The backpressure chain:

doMoveCompressFile slow (disk I/O) --> movefileChan full (cap 5) --> 
trigMoveToGzip blocks in writelogFile --> unbuffered downstream channels block --> 
sendLogsToVector blocks --> loggerChan full (cap 10) --> getKernelMsg blocks --> 
/dev/kmsg not read → kernel ring buffer overflows --> EPIPE --> early messages gone

This PR fixes all choke points:

  1. Dedicated kernel buffer channel (cap 500): getKernelMsg now writes to its own channel with non-blocking sends, so it always drains /dev/kmsg regardless of downstream backpressure. A merge goroutine forwards messages to the main pipeline.

  2. Sequence number gap detection: track /dev/kmsg sequence numbers to detect and count ring buffer overflows. Populate the new NumKmsgDropped metric so kernel log loss becomes observable via the controller.

  3. Buffer downstream channels: appLogChan, uploadLogChan, keepLogChan changed from unbuffered to cap 100. A single blocked app log send could previously freeze the entire pipeline.

  4. Increase loggerChan from 10 to 500 and movefileChan from 5
    to 20.

  5. Non-blocking gzip handoff: trigMoveToGzip uses non-blocking send to moveChan.
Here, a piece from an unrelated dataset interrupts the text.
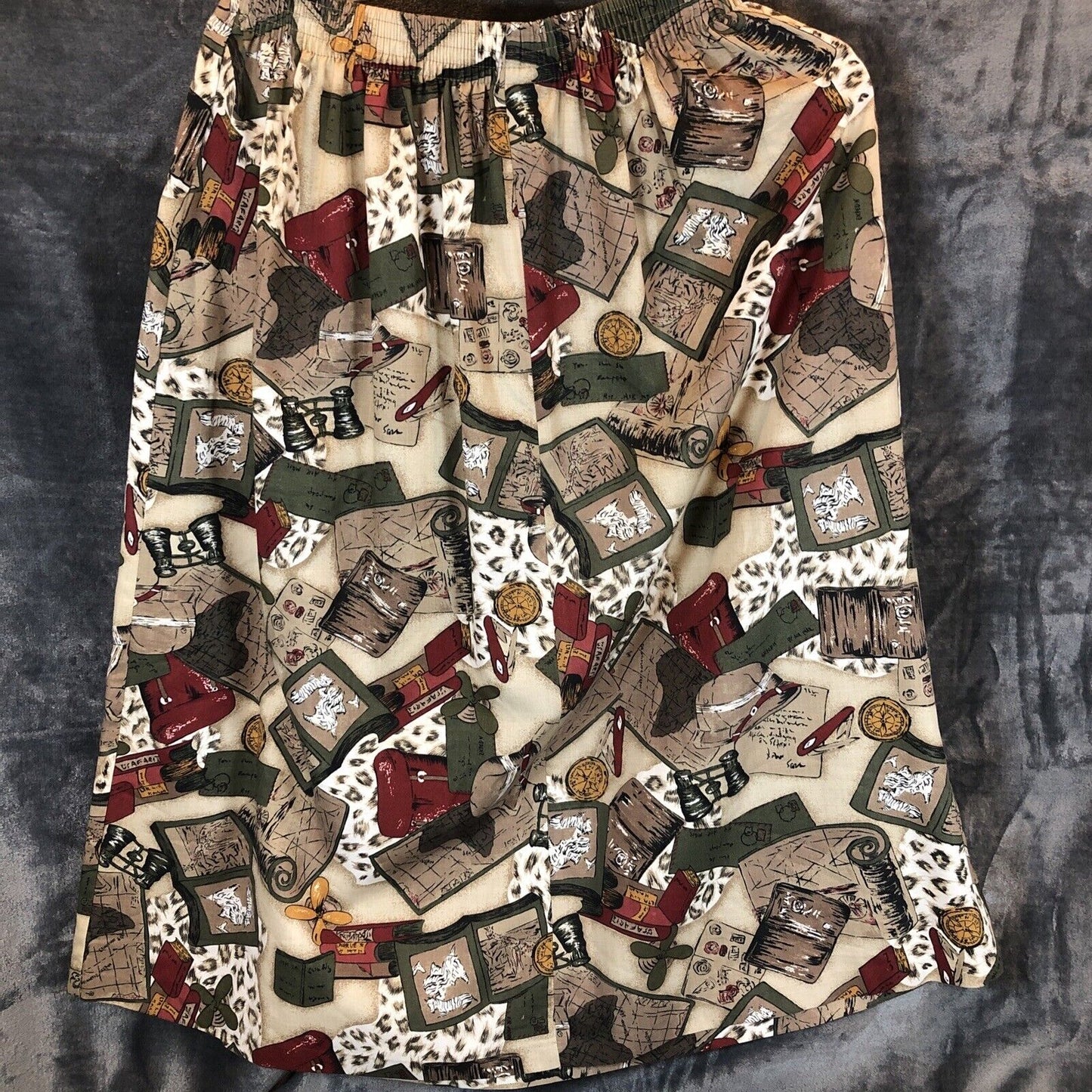 Alford Dunner Woman's Skirt Safari Print Size Adult 10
If the main goroutine is busy compressing, the log file grows beyond the size limit until the next attempt succeeds, rather than blocking the entire write pipeline.

Kernel message timestamps come from the kernel's own monotonic clock (not from when newlogd reads them), so buffering does not affect timestamp correctness — logs can still be sorted chronologically.

Note: the vendored copy of newlogtypes.go is manually updated to include the NumKmsgDropped field. This should be re-vendored properly after the companion pillar PR is merged.

PR dependencies

Depends on #5625 (pillar/types: add NumKmsgDropped metric to NewlogMetrics) — the vendored copy needs to be regenerated after that PR is merged.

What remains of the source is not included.